The US Supreme Court decided last month in the case of Snyder v. Phelps et al, which involved the Westboro Baptist Church and its habit, offensive to nearly all people, of picketing military funerals. The court's decision went in favor of the church and its right to carry on. When we learned that the court had split eight to one, and that the lone dissenter in the case was not one of the court's "liberal" justices but was in fact Justice Samuel Alito, we got all over the text of that decision like a cheap suit.

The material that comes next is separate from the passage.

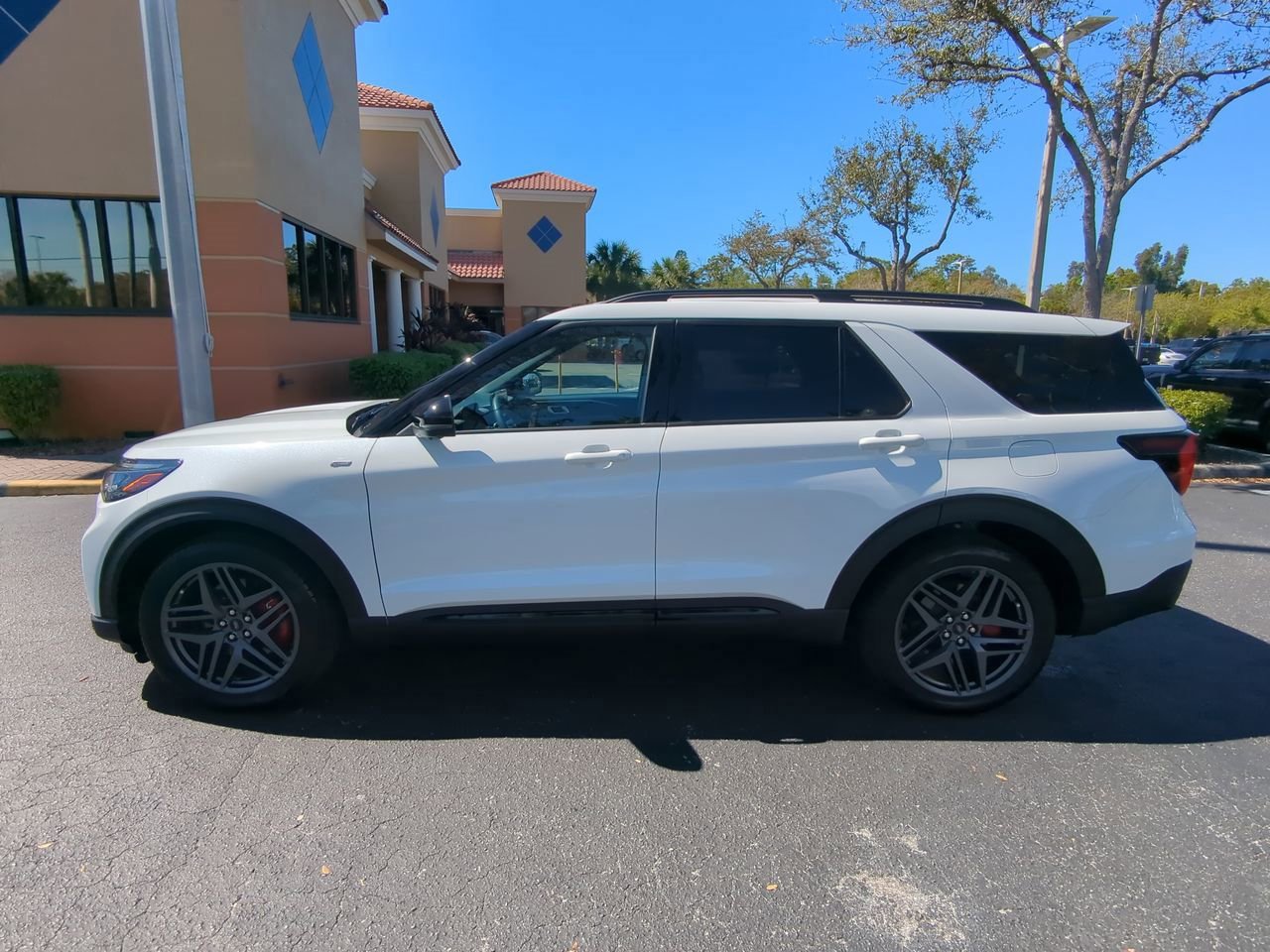 Certified 2025 Ford Explorer ST-Line w/ Premium Package image 2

We in the Lounge came out a long time ago as devoted fans of the Supreme Court. For lovers of language, there is plenty here to love: following the work of the Supreme Court provides you with the opportunity to listen to and read the words of extremely well-educated and intelligent people, at the top of their game, using language that is intended to move hearts and minds. It's a great place to see rhetoric in action – and we're talking here about the southwest node of that wordmap, "using language effectively to persuade." In this particular case, we were especially interested to learn why Justice Alito, a Catholic who normally votes with the conservative block of the court, would go out on a limb, abandoning alliance with his fellow conservatives and coreligionists.
To look at the arguments first in broad strokes, we used the VT's VocabGrabber to make word clouds of two of the opinions published by the court (we did not graph a solo opinion concurring with the majority, written by Justice Breyer).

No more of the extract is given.